When the Intercollegiate Football Association (IFA) adopted the game's first formal rules in 1876, they adopted rugby's rules with only a few minor changes. Among the rules that are now quite different from the original was that the ball remained live when it went out of bounds, or "in touch" under the terminology of the times. Just as touchdowns counted only when a player touched the ball down behind the opponent's goal, a ball that went out of bounds was dead only after a player from either side touched it down.
Since balls fumbled out of bounds were live, players sometimes scrambled over benches and water buckets or went into the stands or beyond the ropes to retrieve balls. Players generally did not face out-of-bounds obstacles in formal stadiums or where fans stood behind ropes a sufficient distance from the playing field.

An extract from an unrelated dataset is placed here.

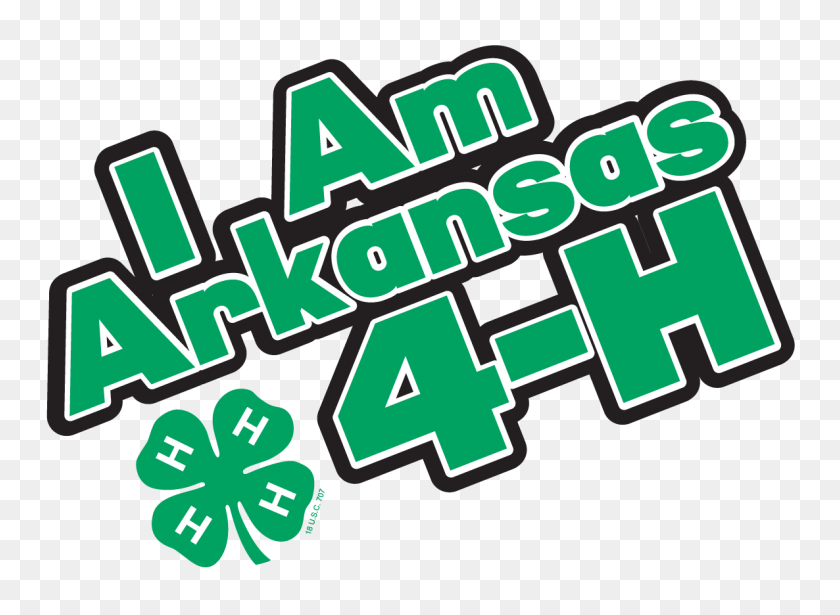 1186x845 Logos Standards Of Use University Of Arkansas Cooperative - 4h Clipart Free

Of course, not every school maintained such order. Smaller schools and a few bigger ones allowed fans to stand close to the sideline on some portions of the field. Others allowed fans to park their cars close to the sideline where the ball could roll under or bounce into vehicles with their tops down.
However, my favorite image of obstacles along the sideline potentially interfering with play shows twenty-five University of Maine marching band members seated along the sideline, with one clarinetist within a yard of the sideline. Although the photo could be from before a game or at halftime, most fans appear to be looking to their left watching action on the field.
Although players still run into people or obstacles along the sideline, they no longer do so while trying to gain possession of the ball. Beginning in 1926, possession went to the last player touching the ball before it went out of bounds. The rule later changed to the last player or team possessing the ball before it went out of bounds.